» **WHAT YOU HAVE TO DO**
Reproduce every line of the material below, but drop the pictures.

---

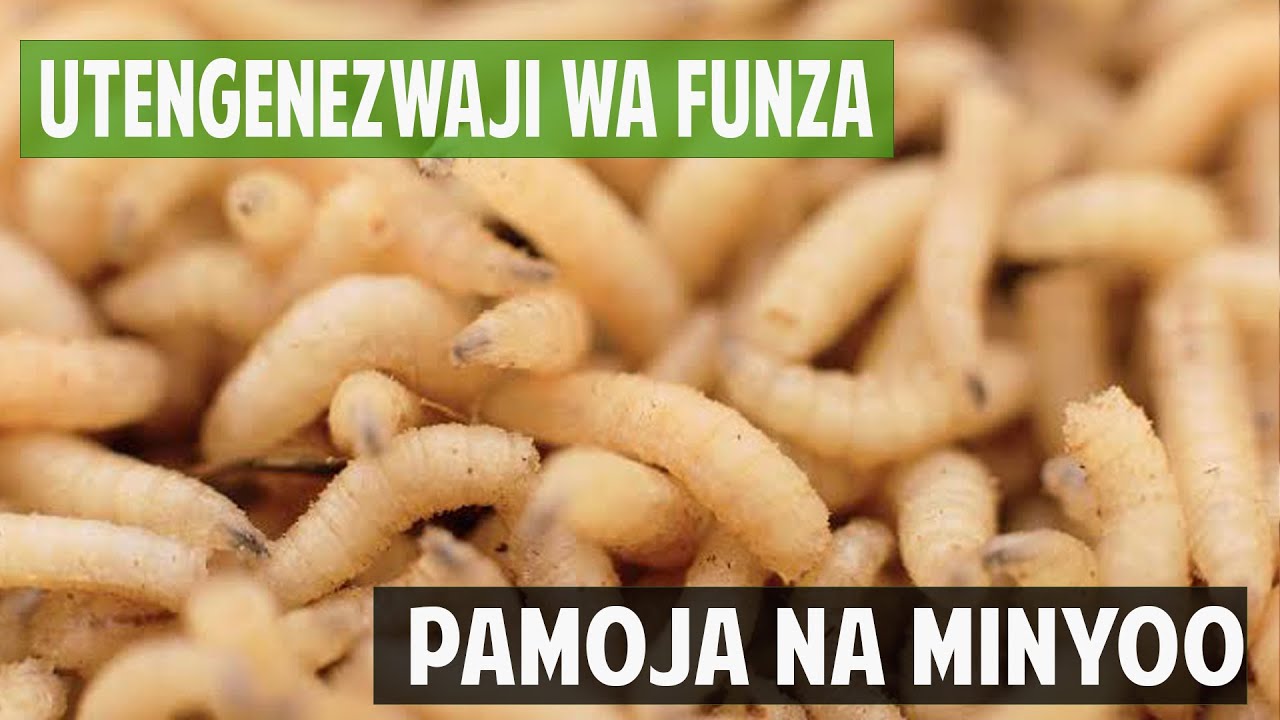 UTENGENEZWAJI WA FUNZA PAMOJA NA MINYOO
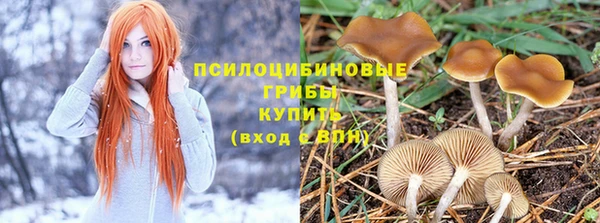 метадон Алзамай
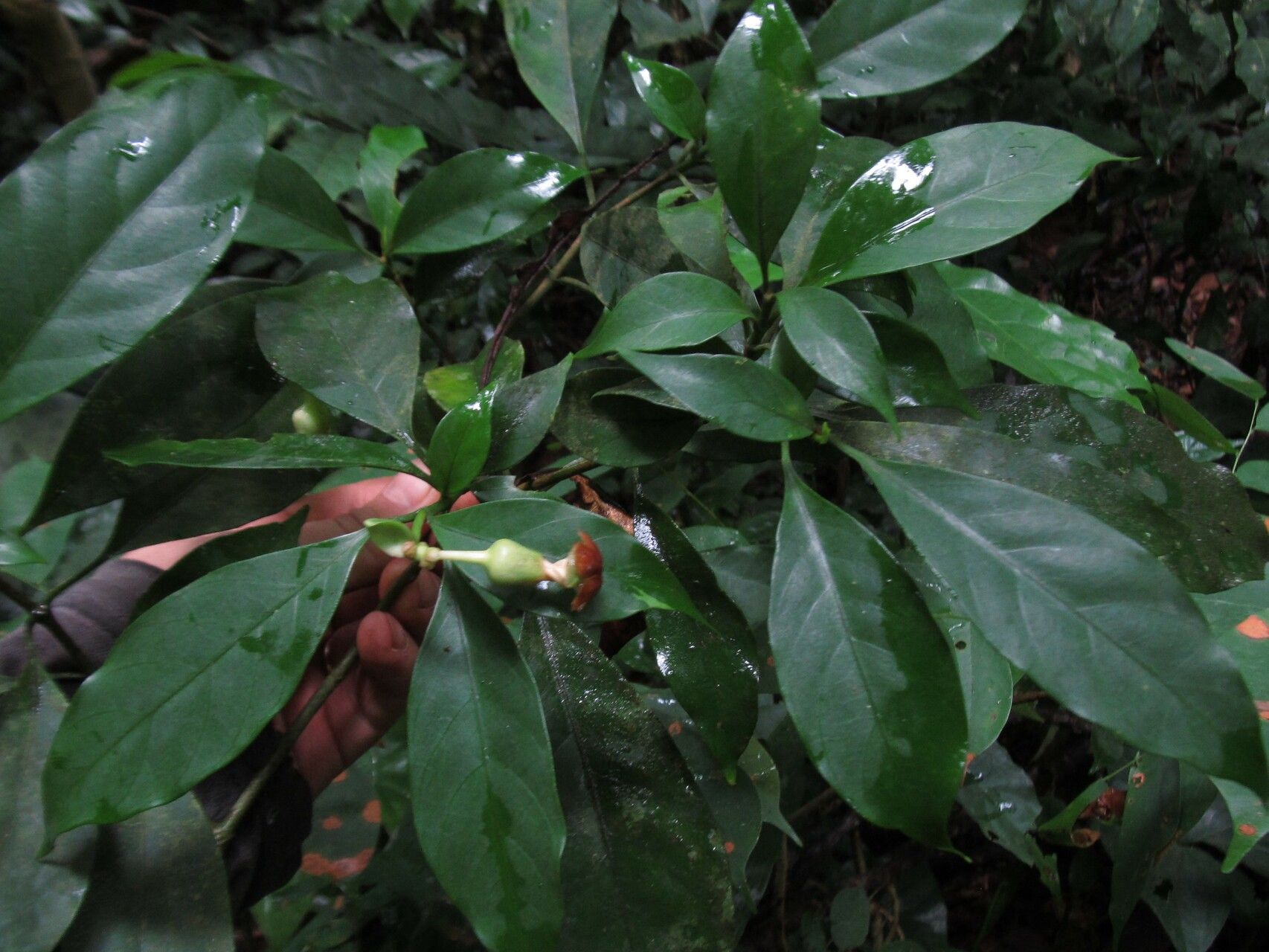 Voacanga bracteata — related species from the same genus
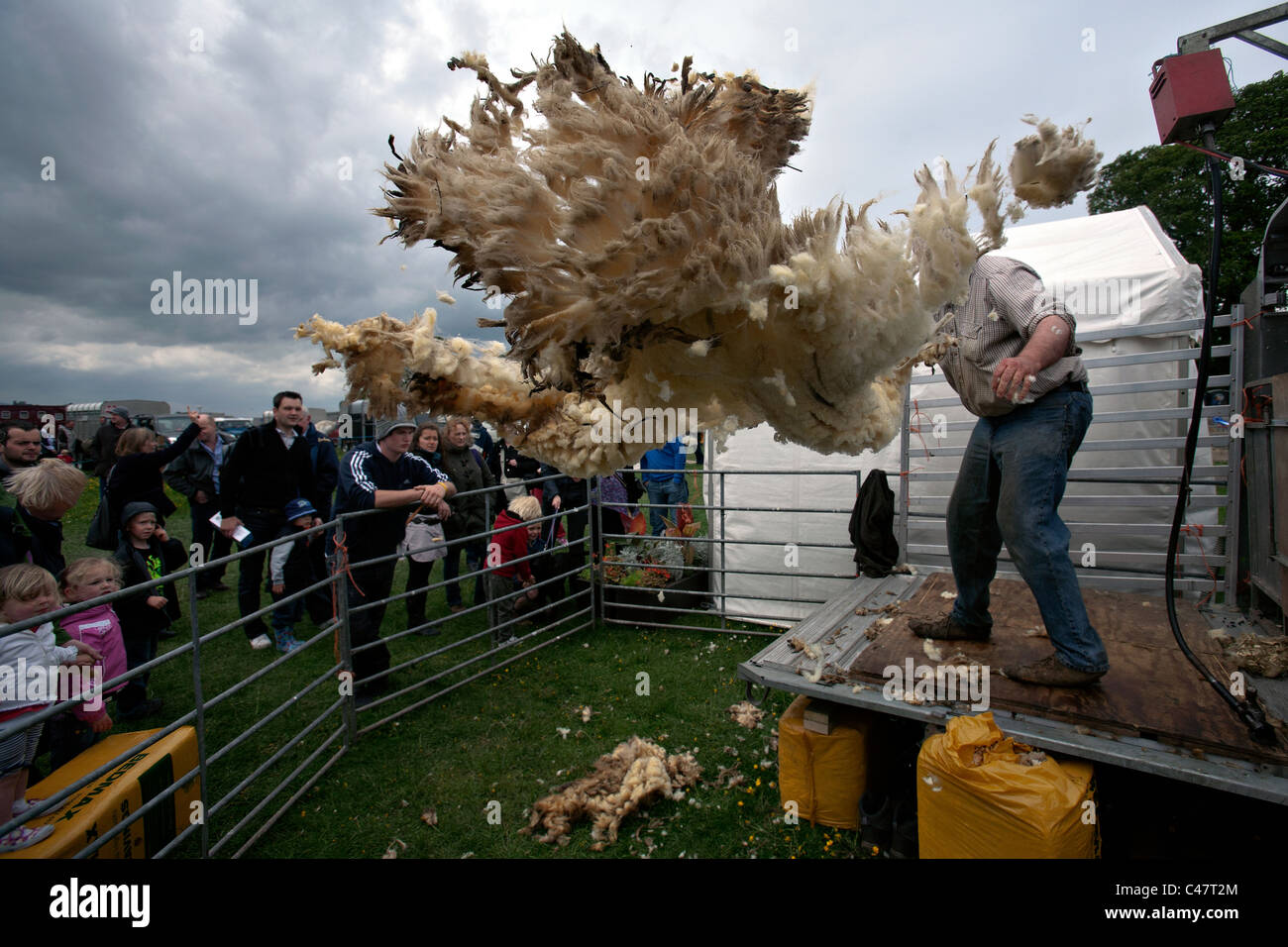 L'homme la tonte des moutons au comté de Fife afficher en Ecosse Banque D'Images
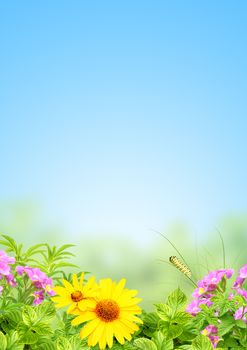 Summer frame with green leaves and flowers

---

» **TASK SOLUTION**
 UTENGENEZWAJI WA FUNZA PAMOJA NA MINYOO
 метадон Алзамай
 Voacanga bracteata — related species from the same genus
 L'homme la tonte des moutons au comté de Fife afficher en Ecosse Banque D'Images
 Summer frame with green leaves and flowers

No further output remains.